The April futures contract of Nickel on the Multi Commodity Exchange (MCX) lost about 22 per cent for the year when it registered a low of ₹800 last month. But then the contract began to recover.

On Wednesday, the contract broke out of the resistance band between ₹880 and ₹900, opening the door for further strengthening. It also breached the 38.2 per cent Fibonacci retracement level which lies at ₹895. The contract is currently hovering at the 50-day moving average.

Corroborating the bullish bias, the daily Relative Strength Index (RSI) has been rising along the contract price and has crossed above the midpoint level of 50, indicating good bullish strength. The Moving Average Convergence Divergence indicator on the daily chart is in a considerable upward trajectory, signalling an upward momentum.

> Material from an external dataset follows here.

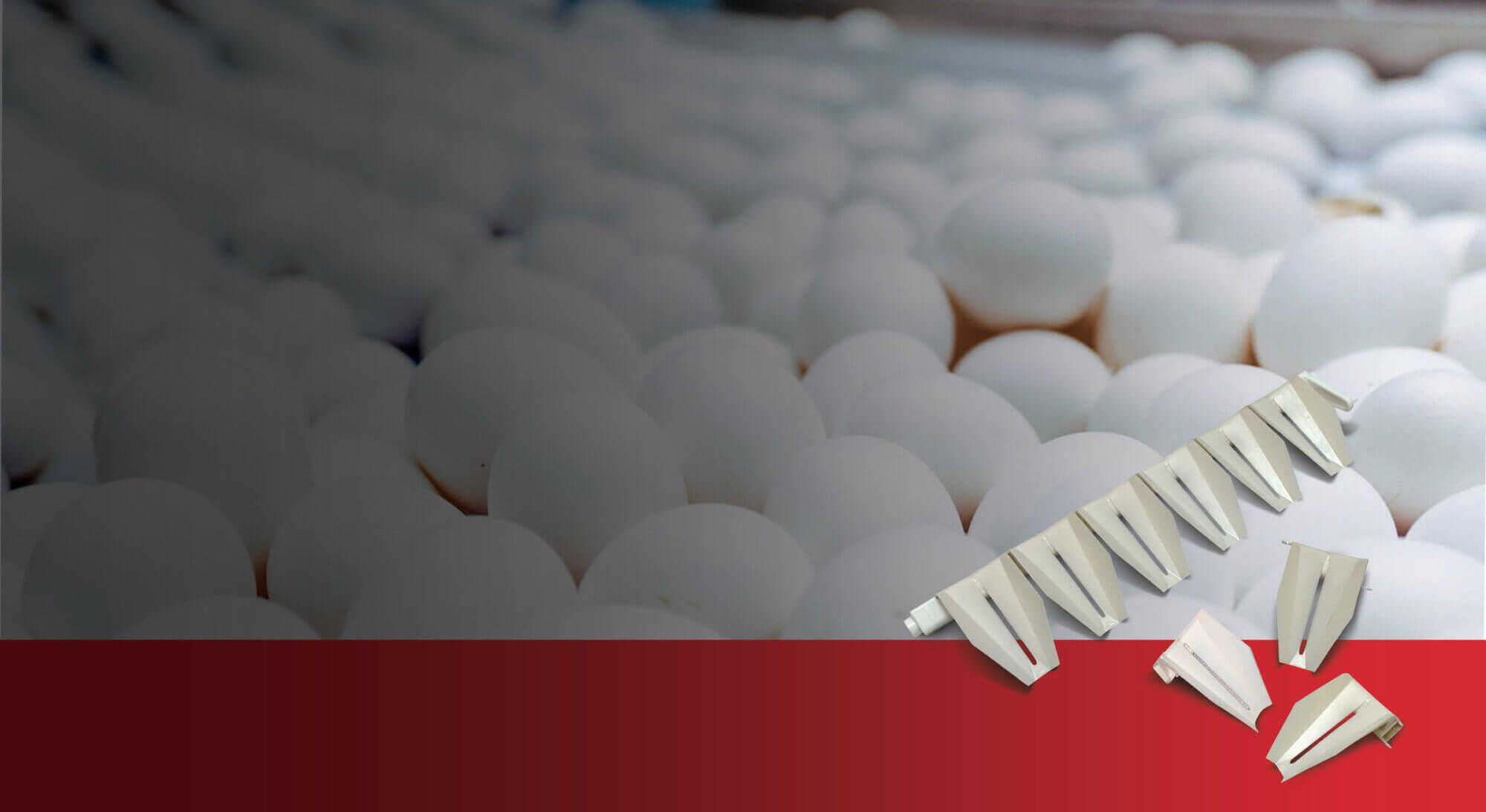 Egg Buffer Cups Get a Design Update! - Diversified Plastics, Inc.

As the contract has breached a key resistance band, the price is likely to go up further. The immediate hurdle is at ₹950 – the 61.8 per cent Fibonacci retracement level of the previous trend. Notably, ₹970 is a resistance. Hence, the price band between ₹950 and ₹970 can act a resistance band. A breakout of these levels can lift the contract to ₹1,000. On the other hand, if the contract begins to descend and breaches ₹880, if might possibly decline to ₹850.

On the global front, the three-month rolling forward contract of Nickel on the London Metal Exchange (LME) has extended the gain after breaking out of the consolidation range last week. The contract has risen above $11,800 and is likely to test $12,000. A rally on the LME can positively influence the price on the MCX.

Trading strategy

Following the breakout of ₹900, the trend might have turned positive at least in the short term. This is substantiated by the recent recovery in global price of the metal. Hence, traders can go long in the contract on declines with stop-loss at ₹850.